While the timeout on the call from DSA can be increased, that is a fragile solution. The most straight-forward fix is to make purl-fetcher's publish/shelve work by an asynchronous job. DSA can either poll for the status or be notified by a web hook when completed.
I haven't confirmed this from examining the logs, but I suspect that purl-fetcher continues its work even after DSA's request has timed out.
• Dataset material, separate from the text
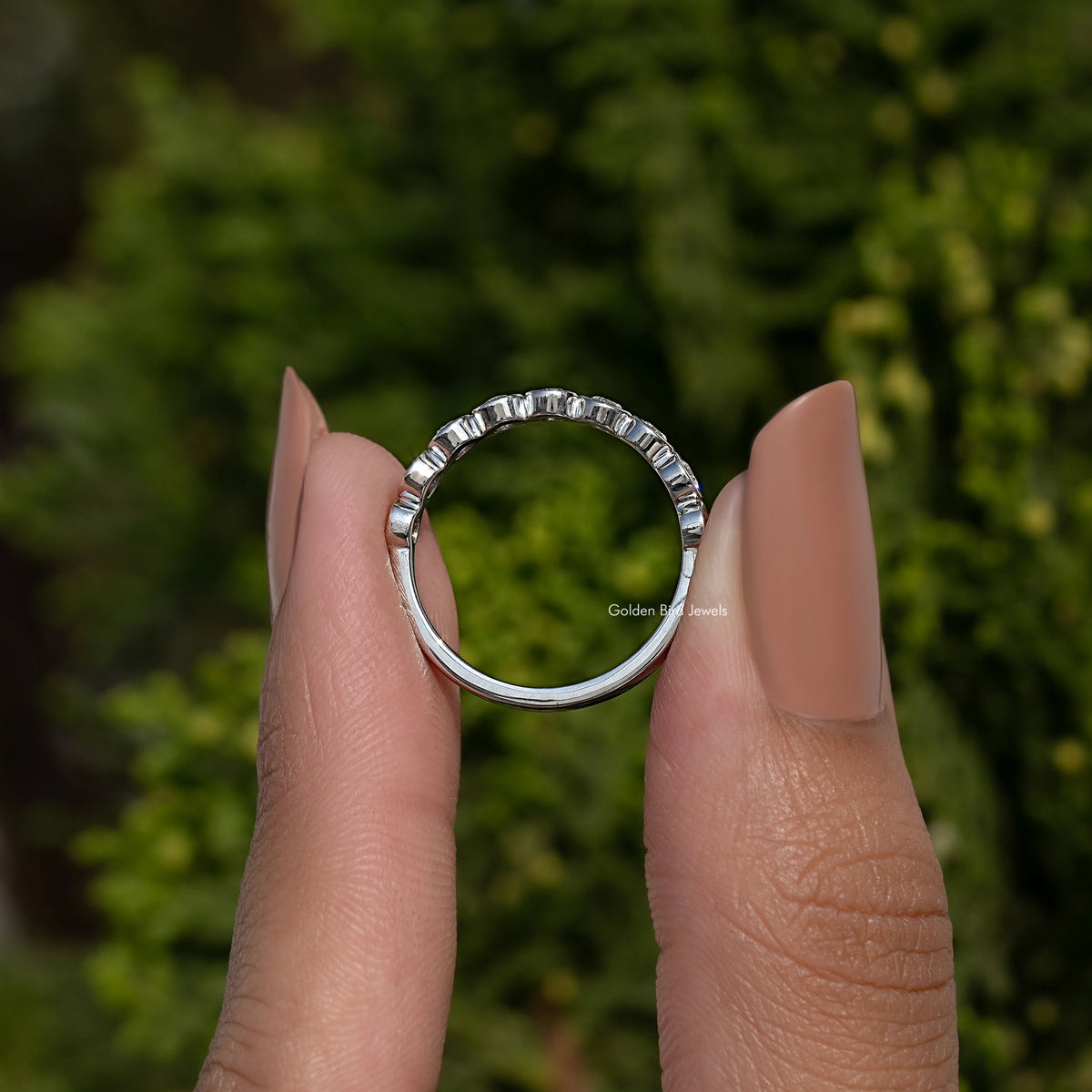 Silver-toned round bezel lab diamond band, open ring view with circular stone row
When DSA's request times out it turns around and tries again, thus encountering the .lock
problem until purl-fetcher has finished and removed the .lock
.
@justinlittman to prevent unnecessary recopying of files to /access-transfer
would it be feasible for ShelvableFilesStager or TransferStager to know if the files have already been copied, and turn the copy into a no-op?
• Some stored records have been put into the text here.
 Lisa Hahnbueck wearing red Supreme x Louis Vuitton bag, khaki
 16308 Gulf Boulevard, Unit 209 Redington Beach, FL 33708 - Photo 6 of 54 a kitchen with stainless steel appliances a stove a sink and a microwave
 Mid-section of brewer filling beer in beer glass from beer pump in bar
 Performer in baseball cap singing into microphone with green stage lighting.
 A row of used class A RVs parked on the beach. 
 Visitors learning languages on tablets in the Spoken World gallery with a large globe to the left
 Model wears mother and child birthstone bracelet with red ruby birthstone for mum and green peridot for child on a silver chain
@edsu with the current technology in place (activestorage disk driver), that is not possible. It is making a unique token for each anticipated upload.
The issue
Deposits with 15,000+ files are taking a long time to publish. Long enough that we had to change a timeout this week to get one deposit through. We have a second deposit currently slowly moving through the
publish
step in accessionWF.Production items that have had this problem recently:
There are multiple HB errors associated with these large deposits:
Observing the progress of these deposits, I think this is what's happening:
/access-transfer
- many more than are contained in the original deposit. It's likely the retries are rewriting the same files repeatedly.The result is that transfers that should take a few hours are taking at least a day, not counting the possible need for us to intervene in order to ensure that they complete the publish step.
To reproduce
I've created a stage object that has gotten stuck in the same way: https://argo-stage.stanford.edu/view/druid:gm804vr8973
It's currently caught in retries because of the "error acquiring lock" issue. The total size of that item is under 1MB but it has 16,828 files in it, so I think the problem is about number of files and not size of deposit.
Additional background
We don't get many deposits over 15,000 files - and we ask people not to exceed 25k files in H2 deposit - but we have been supporting deposits in that range since we launched the H2-Globus deposit integration. We did not see this constellation of issues before we re-did the publish/shelve approach during the recent versioning work.